Bio as of January 2010:
He is an expert in international relations and American politics. He is currently researching political events in the former Soviet Union as well as developing a biography of former vice president Henry A. Wallace. Beichman is the author of five books: The Other State Department, Herman Wouk: The Novelist as Social Historian, Yuri Andropov: New Challenge to the West (coauthored), Nine Lies about America, with a foreword by Tom Wolfe, and The Long Pretense: Soviet Treaty Diplomacy, 1917–1990, with a foreword by William F. Buckley. Nine Lies about America was republished in 1995 with a new introduction under the title Anti-American Myths: Their Causes and Consequences (Transaction, 1995). His latest book is CNN's Cold War Documentary: Issues and Controversy (Hoover Press, 1999). His updated biography of novelist Herman Wouk was reissued in August 2004.

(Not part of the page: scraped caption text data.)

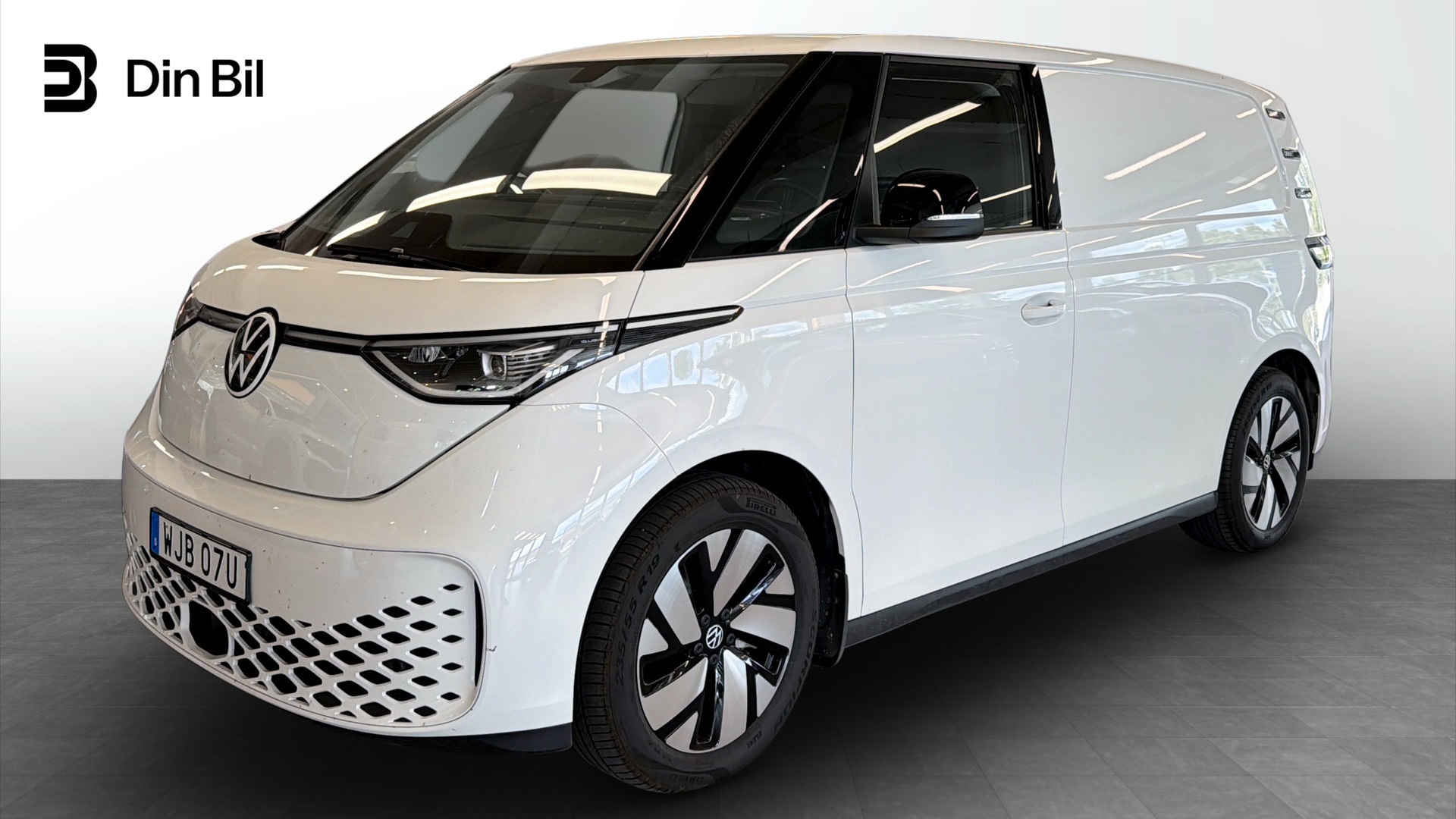 Volkswagen ID. Buzz 2025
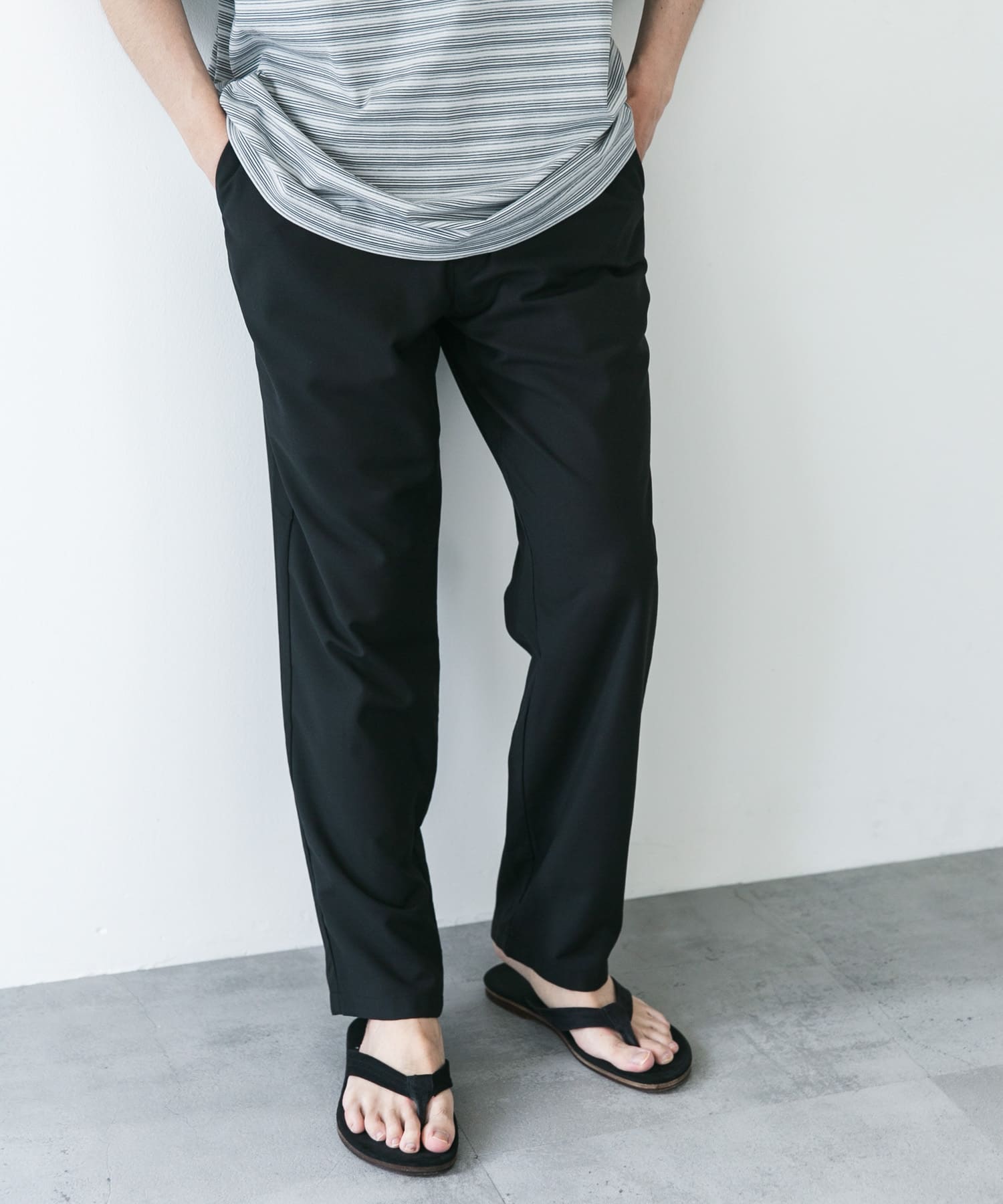 身長：168cm サイズ：M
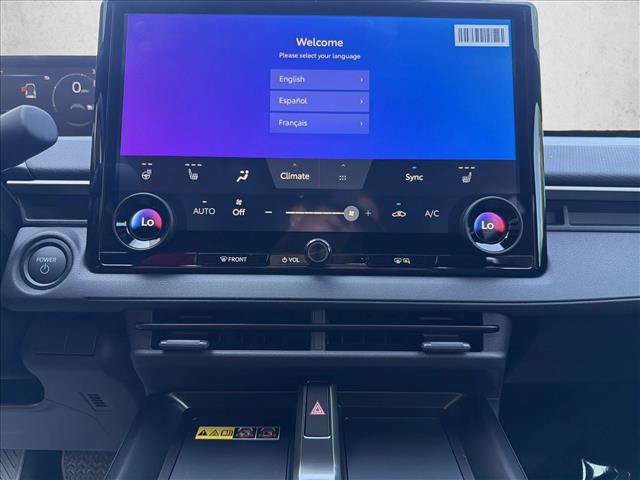 New 2026 Toyota bZ AWD/4WD image 15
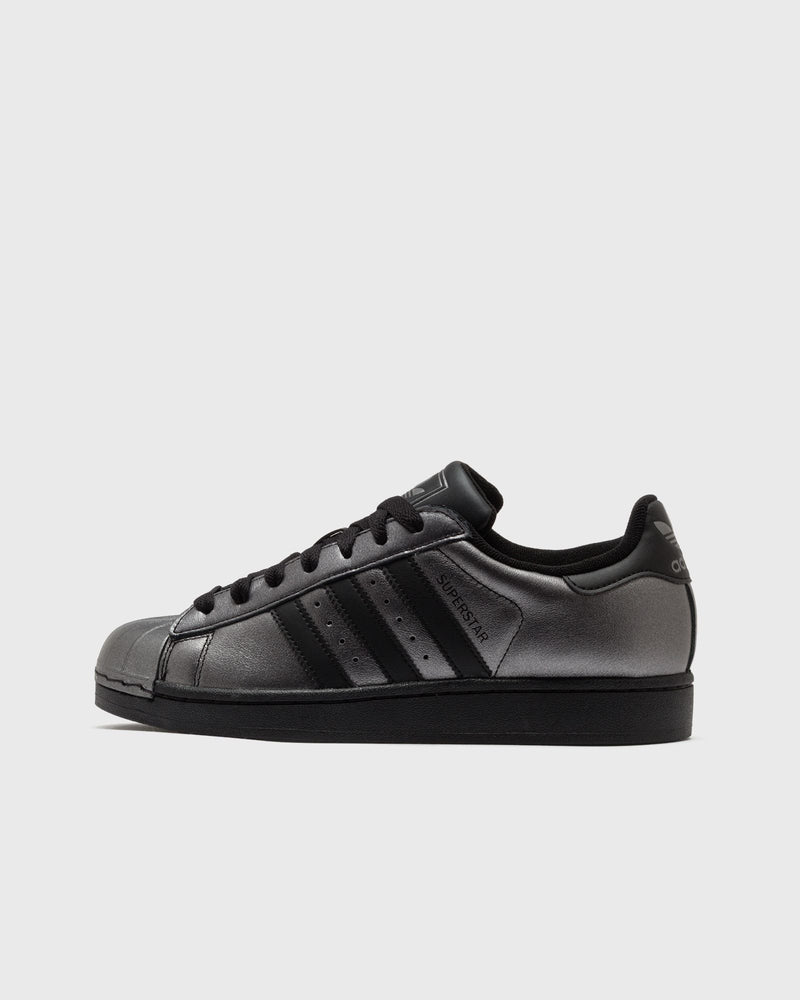 Adidas Womens Superstar II Grey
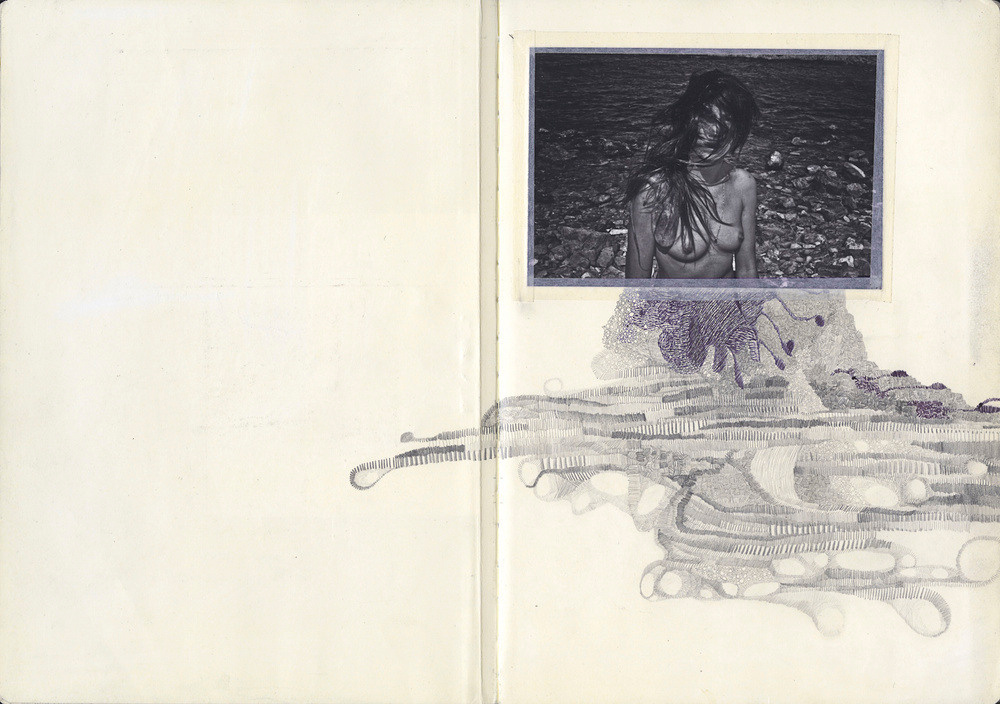 Проект Сары С. Тейген (Sara S. Teigen) «Fractal State of Being». Private image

He is a regular columnist for the Washington Times, and his articles are published in numerous newspapers across the United States and Canada. Beichman has been a member of the editorial advisory board of the Washington Times since 1984.
He also has written for numerous academic journals and popular publications. His articles have appeared in the New York Times Magazine and Book Review, the Wall Street Journal, the Christian Science Monitor, the London Daily Telegraph, Commentary, Encounter, the Weekly Standard, Humanitas, the National Review, the AFL-CIO News, American Spectator, and the Los Angeles Times. He also has been a guest on many television and radio shows, including the PBS program Firing Line.
In 2001, Beichman's efforts to have the work of President Ronald Reagan and those who contributed to the fall of the Berlin Wall on November 9, 1989, recognized were rewarded when President George W. Bush proclaimed November 9, 2001 World Freedom Day.
A founding member of the Consortium for the Study of Intelligence in Washington, D.C., he is also a former vice president and trustee of the Philadelphia Society.
Before his career as an academician, he was a labor editor, a journalist at the United Nations, and a foreign correspondent. As a reporter, he covered such events as the Algerian rebellion, the uprising in the Belgian Congo, the war in Vietnam, the Nigerian civil war, and the war in Yemen.
Beichman taught at the University of Massachusetts, the University of British Columbia, the University of Calgary, and, as an adjunct professor, Georgetown University.
Beichman received his bachelor's, master's, and doctorate degrees in political science from Columbia University.